Once they’re feeling comfortable talking about their butterflies, brainstorm some ideas for ways to calm their butterflies down. Explain, “Sometimes our butterflies get a little too excited! What are some ways we can help them calm down?” Here are some ideas:
- Power Pose. Quinny’s first idea was to stand very still, like a tree. I said, “I love that idea! Can you stand strong?” I told her how that’s called a Power Pose! I said, “When you’re standing strong, be sure to say to yourself – ‘I’ve got this!’” Combining a sturdy stance with positive affirmations create a sense of grounded, inner-strength. I asked, “Can you show me another Power Pose?” (At which point her and her sister, Cami, ran around the room like superheros! Perfect.)

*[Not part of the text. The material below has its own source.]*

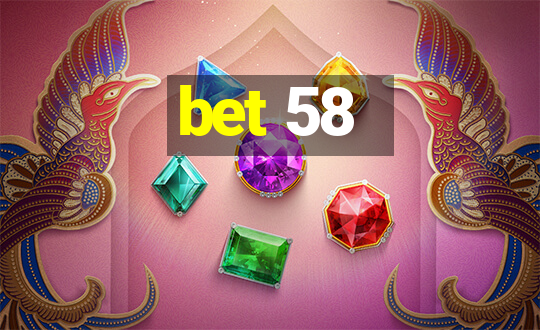 bet 58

- Mindfulness. I then said, “While you’re in your Power Pose, can you see 5 beautiful things around you?” I snuck in some mindfulness, but this is a great way to get kids to calm their mind. You can add, “Can you see 5 [insert their favorite color] things?” This forces them to stop, be present, and shifts their attention from their nerves to the beauty around them.
- Breathing. We know breathing is helpful and often tell children to take 3 deep breaths (boring!). Instead, try saying, “Can you pretend you’re blowing a dandelion? Blow all the seeds!” or “Pretend you’re blowing bubbles through a straw into a glass of chocolate milk. Go!” Research suggests inhales are energizing, while long exhales help trigger a relaxation response in the brain.
- Practice. The fewer the unknowns, the better children feel. I explained to my niece how sometimes we have butterflies about making new friends, so we practiced introducing ourselves. “Hi! My name is Dana, what’s your name?” She said, “Quinny!” with a big smile. I said, “It’s nice to meet you!” and then got her to introduce herself to me. Quinny added in a common thing kids say: “Can I play with you?” I encouraged her to switch that question to, “Let’s play!” or “Wanna play with me?” Often children wait for an invitation to play and we want them to, instead, be the one inviting others! A very subtle switch, but it goes from passive to empowered. Using toys to practice is also a great way to get them comfortable introducing themselves and making new friends, like we do in our Fuzzies & Friends workshops.
- Pockets. I asked Quinny, “Do you know what you’re going to wear?” We talked about her school uniform and I asked if it has pockets. I explained how pockets are a great place to put your hands when those butterflies act up. I said, “Sometimes, I even put something special in my pocket to hold and rub! Do you have something special you could put in your pocket?”
- Magic. Little kids have the greatest imaginations. I explained to my niece how the stuffie bag tag I bought her (that she’s sweetly already attached to her backpack) is VERY special. I said, “Did you know it has a magical power that gives you strength when you need it? Just give it a cuddle and it will help calm those butterflies down!”
- Music. I told Quinny how much butterflies love music and how I listen to music to help my butterflies relax. Quinny loves to sing and said, “Maybe I could sing them a lullaby?” Such a good idea! While she was singing I closed my eyes and told her she put my butterflies right to sleep!
We had so much fun coming up with ideas together. My tender-hearted niece seemed lighter and brighter and I could see she wasn’t afraid of her butterflies anymore! After we were done chatting, I asked Quinny for one last thing: “Could you do me a big favor? Could you draw me a picture of what your butterflies look like? Once you’re done, get your parents to help you list some of the ideas we had to calm those butterflies so we don’t forget!”
Using kid-friendly language is such a big part of our program. Helping kids name their emotions and manage them in a fun way helps them take control, feel more confident, so they’re ready to take on the world!